▶ **Activity**: Below is a listing with pictures in it; transcribe exactly the lines from the one that has "hannah marin, ashley" through the one that has "15 Meadowlark Drive, Tryon, NC", and omit those pictures.

▶ **Entries provided**:
####
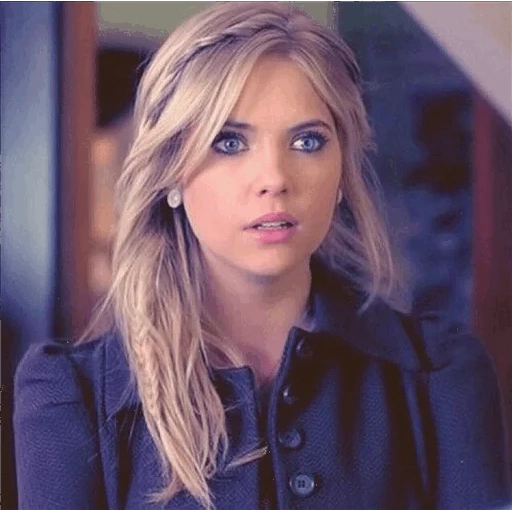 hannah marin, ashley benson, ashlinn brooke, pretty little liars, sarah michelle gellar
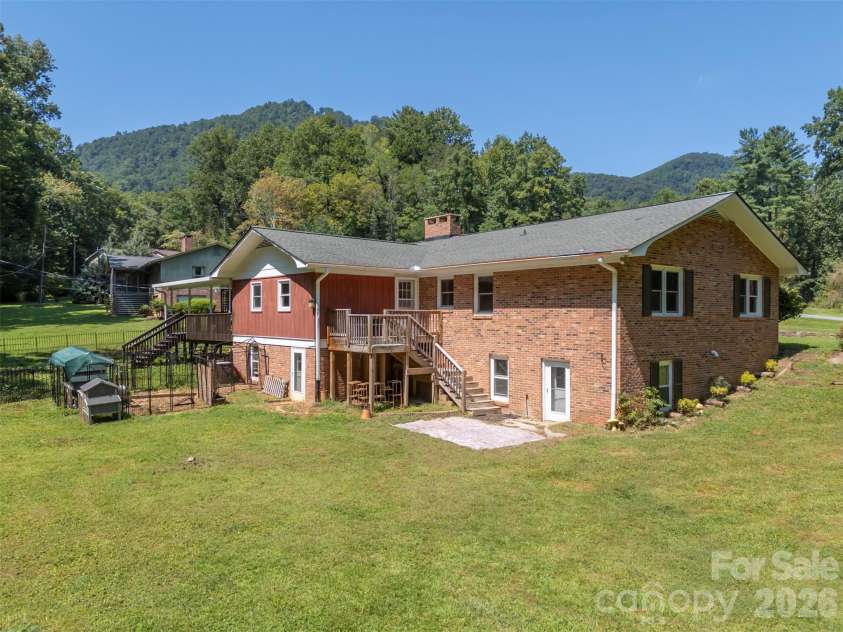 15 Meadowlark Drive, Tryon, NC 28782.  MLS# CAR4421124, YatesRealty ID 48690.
####
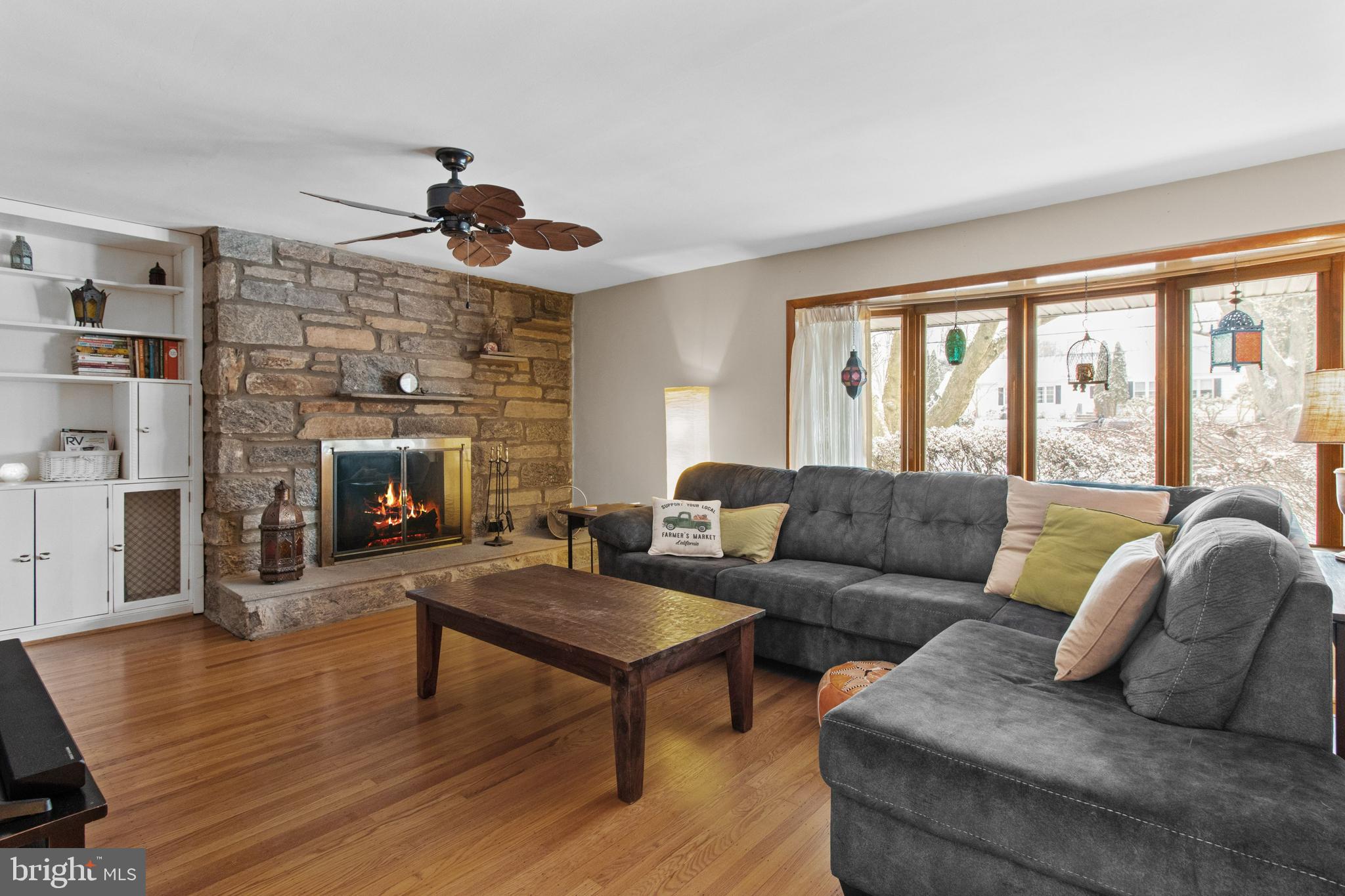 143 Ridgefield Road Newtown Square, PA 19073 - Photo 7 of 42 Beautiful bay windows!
####
▶ **Answer section**:
 hannah marin, ashley benson, ashlinn brooke, pretty little liars, sarah michelle gellar
 15 Meadowlark Drive, Tryon, NC 28782.  MLS# CAR4421124, YatesRealty ID 48690.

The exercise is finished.